Simone se levanta y se ve en el espejo ahumado del vestidor. Está delgada y tiene un aspecto cansado. Es como si le hubieran roto la cara en muchos pedazos pequeños y luego hubieran vuelto a juntarlos.

– ¿Y Shulman? -pregunta entonces-. ¿Cómo va su exposición?

Ylva parece ansiosa.

– Dice que tiene que hablar contigo.

– Lo llamaré.

– Hay algún problema con la iluminación. -Baja la voz y luego añade-: No tengo ni idea de cómo van las cosas entre Erik y tú pero…

– Nos hemos separado -dice Simone secamente.

– Realmente creo que… -Ylva se interrumpe.

– ¿Qué crees? -pregunta Simone pacientemente.

– Creo que Shulman está enamorado de ti.

Simone se encuentra con su mirada en el espejo y de repente siente que el estómago le da vueltas.

– Tendré que ir -dice.

– ¿Puedes?

– Antes haré una llamada.

Simone cuelga el auricular y luego se sienta durante un rato en el borde de la cama. Benjamín está vivo, se dice, eso es lo más importante. Está vivo aunque ya han pasado varios días desde que lo secuestraron. Es una muy buena señal, significa que la persona que se lo llevó, de entrada, no tiene interés en matarlo. Sus intenciones son otras, quizá quiera pedir un rescate. Simone repasa brevemente sus bienes. ¿Qué posee en realidad? La vivienda, el coche, algunas obras de arte. Y la galería, por supuesto. Podría pedir un préstamo, eso se podría arreglar. No es rica, pero su padre podría vender la casa de veraneo y también su piso. Luego irían a vivir todos juntos a un piso de alquiler en cualquier parte, eso no supondría ningún problema. Lo único importante ahora es recuperar a Benjamín, recuperar a su niño.

Simone llama a su padre, pero no contesta, así que le deja un breve mensaje diciéndole que va a la galería. Luego se ducha rápidamente, se lava los dientes, se cambia de ropa y sale del piso sin apagar las luces.

Fuera hace frío y viento; están a algunos grados bajo cero. La oscuridad de la mañana de diciembre es sorda, somnolienta, las calles tienen un aire de cementerio. Un perro corre por encima de los charcos con la correa colgando del cuello.

En cuanto Simone llega frente a la galería se encuentra con la mirada de Ylva a través de la puerta de cristal. No se ve a Norén por ninguna parte, pero en el suelo, junto a la pared, hay un periódico doblado en forma de capirote. Una luz verdosa emana de una serie de cuadros pintados por Shulman. Óleos relucientes, verde acuario. Nada más entrar, Ylva se apresura a abrazarla. Simone se da cuenta de que su ayudante ha olvidado teñirse el pelo de negro: las raíces canosas se adivinan en la recta raya al medio. No obstante, su tez se ve tersa, bien maquillada, los labios de rojo intenso, como de costumbre. Lleva puesto un traje de falda pantalón con unas medias negras con rayas blancas y unos voluminosos zapatos marrones.

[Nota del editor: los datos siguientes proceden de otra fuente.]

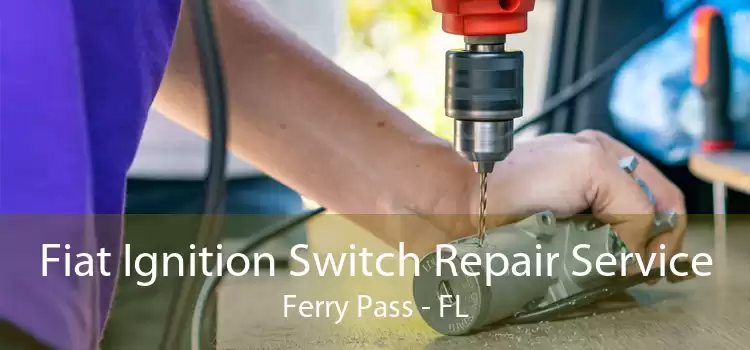 Fiat Ignition Switch Repair Service Ferry Pass - FL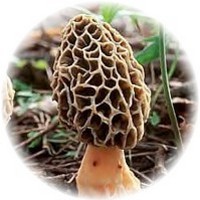 Morchella Esculenta
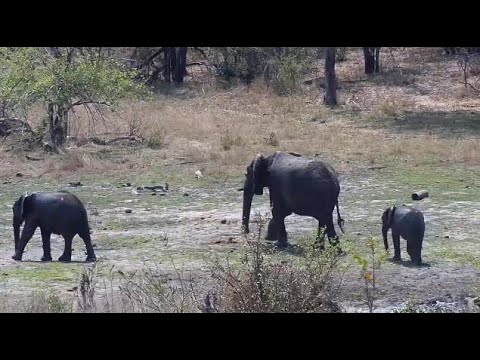 Djuma: Elephant group of five (Short Trunk herd?) - 11:51 - 09/19/20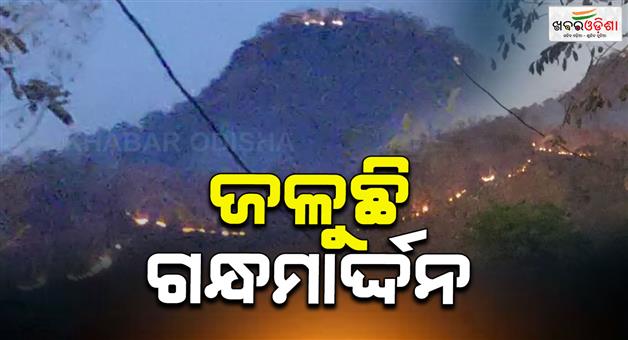 Khabar Odisha:gandhamardan-is-burning-demand-for-attention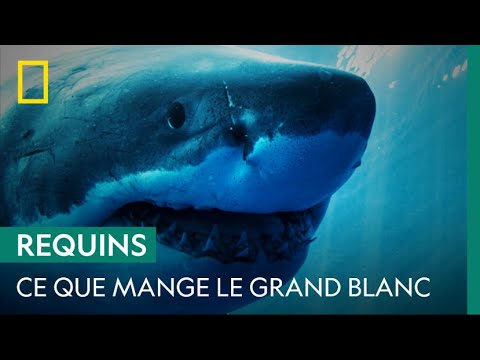 Le régime alimentaire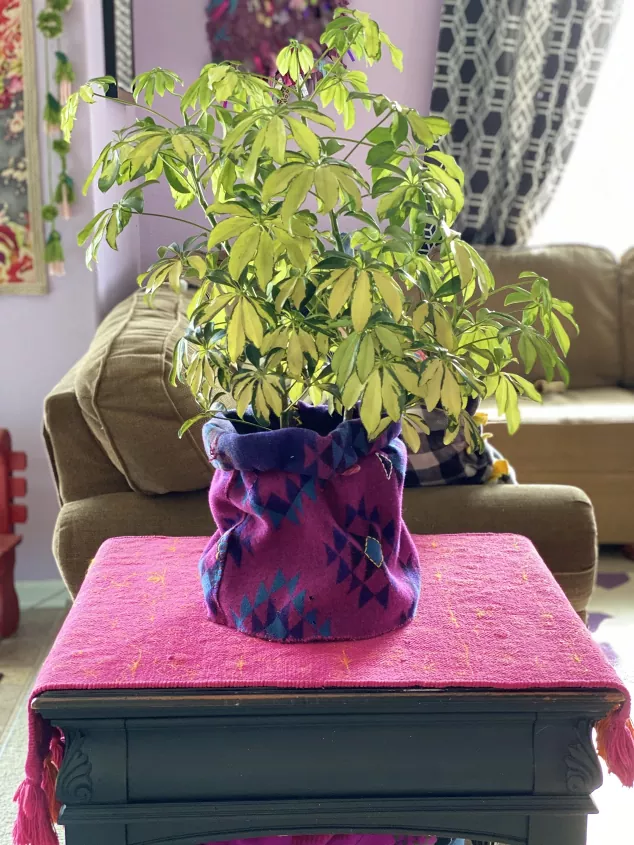 Planters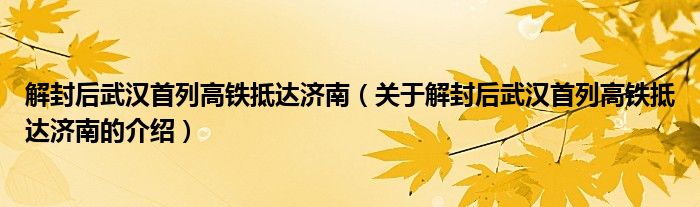 解封后武汉首列高铁抵达济南（关于解封后武汉首列高铁抵达济南的介绍）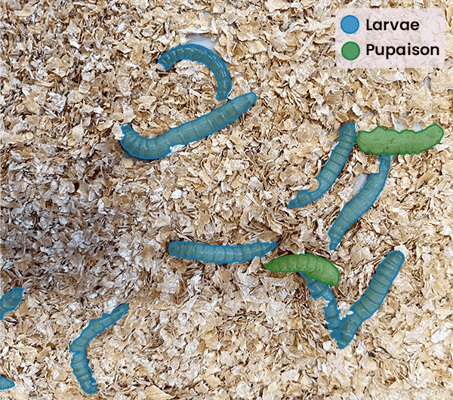 dilepix-comptage-tenebrio-molitor-larves-pupaison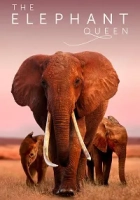 The Elephant Queen 2019 Poster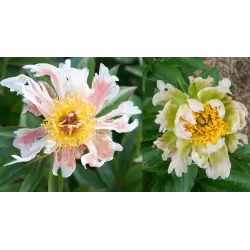 Paeonia GREEN LOTUS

– Qué bien está quedando -dice Simone echando un vistazo a su alrededor-. Has hecho un gran trabajo.

– Gracias -susurra Ylva.

Simone se aproxima a las pinturas.

– No las había visto así, todas juntas -dice-, sólo por separado.

Da otro paso adelante.

– Es como si se derritieran en los costados.

Continúa hacia la otra sala. Ahí están los bloques de piedra con las pinturas de las cavernas de Shulman, montados sobre soportes de madera.

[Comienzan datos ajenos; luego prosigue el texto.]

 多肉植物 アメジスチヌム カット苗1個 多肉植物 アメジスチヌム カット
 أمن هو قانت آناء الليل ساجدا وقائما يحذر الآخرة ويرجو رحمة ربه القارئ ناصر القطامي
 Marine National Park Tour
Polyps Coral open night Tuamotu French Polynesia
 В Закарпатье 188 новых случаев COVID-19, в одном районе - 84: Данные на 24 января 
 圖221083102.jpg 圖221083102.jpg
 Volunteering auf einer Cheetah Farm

– Quiere iluminar esta sala con lámparas de aceite -informa Ylva-. Le he dicho que no podía ser, que la gente quiere ver lo que compra.

– No, en realidad no quieren eso.

Ylva se ríe.

– ¿Así que Shulman se saldrá con la suya?

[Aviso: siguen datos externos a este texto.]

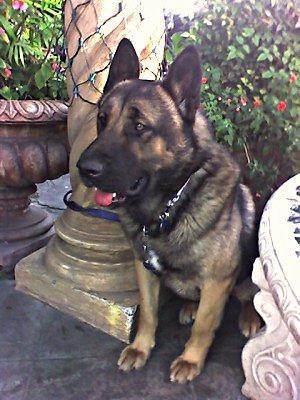 Random photo of a dog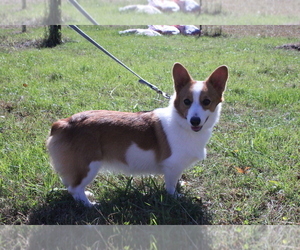 Mother of the Pembroke Welsh Corgi puppies born on 05/09/2022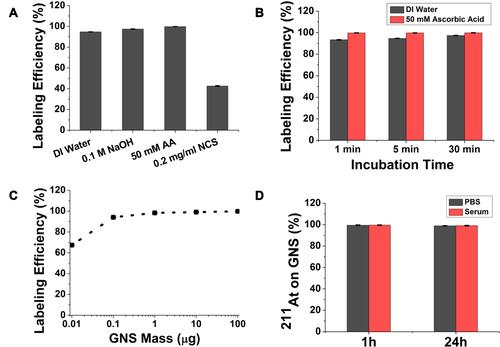 Figure 2 Evaluation of radiolabeling GNS with 211At. (A). Radiolabeling efficiency evaluation in different reaction media: DI water, DI water with 0.1 M NaOH, DI water with 50 mM ascorbic acid, DI water with 0.2 mg/mL NCS after a 5 min incubation. (B) Radiolabeling efficiency as a function of incubation time when the reaction was performed using DI water or DI water with 50 mM ascorbic acid as the media. (C) Radiolabeling efficiency evaluation for GNS mass ranging from 0.01–100 µg for 5 min incubation in DI water with 50 mM ascorbic acid. (D) Percentage of 211At remaining on GNS after incubation in PBS and murine serum at 37°C for 1 h and 24 h. All experiments performed in triplicate and error bar shows standard deviation.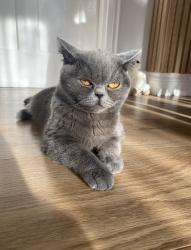 Lost Female Cat last seen Fortescue road, Greater London, England HA8 0HN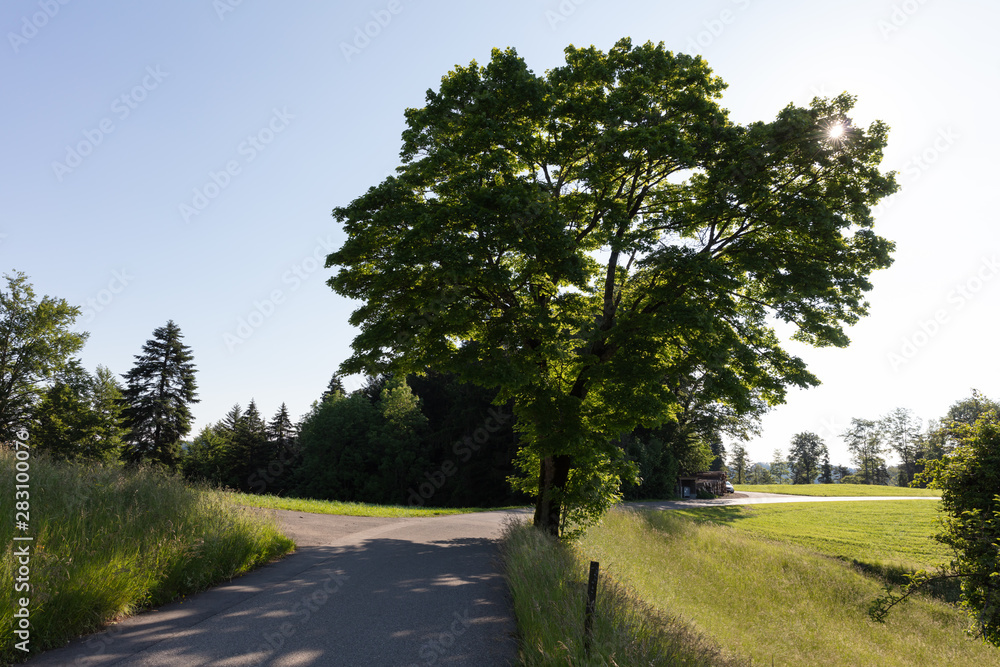 large single tree right next to road with long shade in back light 50 megapixel large single tree right next to road with long shade in back light 50 megapixel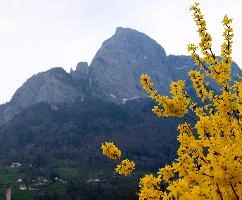 ForsythiaGonzen2.jpg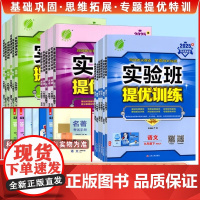 江苏专版 2025春实验班提优训练七八九年级上册下册语文数学英语人教苏教译林版 初一二三年级教材同步随堂作业本习题练习册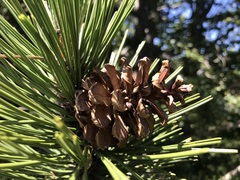 Pinus heldreichii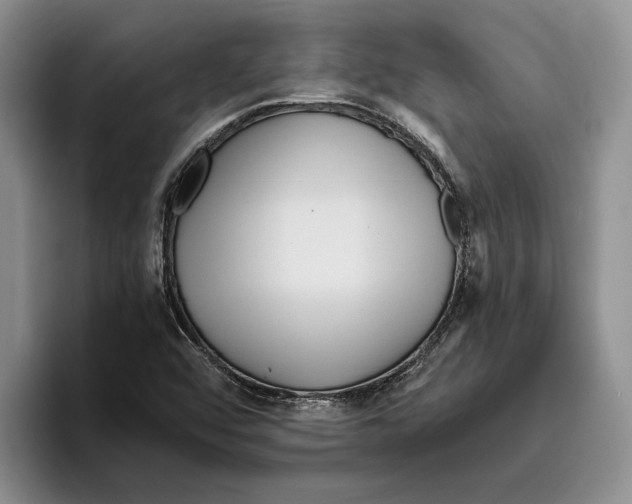 X0000096221456200802151512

– Sí -contesta Simone-. Se saldrá con la suya.

– Puedes decírselo tú misma.

– ¿Qué? -pregunta Simone.

– Está en el despacho.

– ¿Shulman?

– Ha dicho que tenía que hacer unas llamadas.

Simone mira en dirección al despacho mientras Ylva se aclara la garganta y dice:

– Voy a comprar un bocadillo para almorzar…

– ¿Tan pronto?

– Eso había pensado -responde Ylva con la mirada baja.

– Está bien -dice Simone.

Es tanta la tristeza que la embarga que tiene que detenerse a secarse las lágrimas que empiezan a rodar por sus mejillas antes de llamar a la puerta del despacho y entrar. Shulman está sentado en la silla tras el escritorio, mordisqueando un bolígrafo.